The federal agency conserved Empire Financial in May 2021 to “resolve operational problems” that could affect its safety and soundness.
Empire Financial’s former CEO Gerry Goldenbroit claimed in interviews with CU Times that the federal agency targeted the credit union for conservatorship because he ignored its directive not to issue Paycheck Protection Program (PPP) loans, which Goldenbroit argued he was allowed to do based on NCUA guidelines. But it appeared that Goldenbroit approved a PPP loan for his own credit union consultancy company, which the NCUA said is not allowed. Goldenbroit denied he violated this prohibition.
The former CEO approved 77 PPP loans valued at $3,702,967 in 2020 and during the first and second quarters of 2021. According to an SBA database that listed the credit union’s PPP loans, $1,075,340 of the $3.7 million was not disbursed as on May 2021.
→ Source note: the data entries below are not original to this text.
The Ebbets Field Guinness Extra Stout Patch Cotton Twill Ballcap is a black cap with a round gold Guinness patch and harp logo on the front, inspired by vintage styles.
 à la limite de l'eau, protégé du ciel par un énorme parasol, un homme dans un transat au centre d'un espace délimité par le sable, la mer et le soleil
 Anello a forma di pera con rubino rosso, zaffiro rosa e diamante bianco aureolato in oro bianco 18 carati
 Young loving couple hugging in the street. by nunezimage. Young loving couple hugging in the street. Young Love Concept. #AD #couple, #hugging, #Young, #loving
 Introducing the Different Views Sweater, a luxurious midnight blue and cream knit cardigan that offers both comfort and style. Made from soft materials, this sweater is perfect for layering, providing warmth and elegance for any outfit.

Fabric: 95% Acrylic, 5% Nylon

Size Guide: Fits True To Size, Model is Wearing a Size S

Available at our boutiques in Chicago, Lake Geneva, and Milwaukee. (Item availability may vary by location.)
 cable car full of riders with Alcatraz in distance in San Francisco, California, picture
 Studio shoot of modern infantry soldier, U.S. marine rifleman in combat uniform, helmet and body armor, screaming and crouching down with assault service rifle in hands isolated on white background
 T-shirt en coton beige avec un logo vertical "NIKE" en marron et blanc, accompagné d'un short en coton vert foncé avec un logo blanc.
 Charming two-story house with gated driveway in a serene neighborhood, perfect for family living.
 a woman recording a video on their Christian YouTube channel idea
Goldenbroit approved PPP loans for small companies and sole proprietors. He also approved a $317 PPP loan for his company, Credit Union Financial Corp., which he owns and operates from his home. However, according to the NCUA’s No. 11 Letter to Credit Unions from April 2020, “Credit unions are still prohibited from making SBA loans, including PPP loans, to small businesses owned in part, or in whole, by officers and key employees of the credit union.”
When confronted with this fact, Goldenbroit denied it claiming he wasn’t an officer of the credit union.
At the time of liquidation and subsequent purchase by Jovia FCU, Empire Financial served 270 members according to the credit union’s fourth quarter 2021 Call Report. Chartered in 1976, Empire Financial served multiple employer, associational, and faith groups in New York and New Jersey.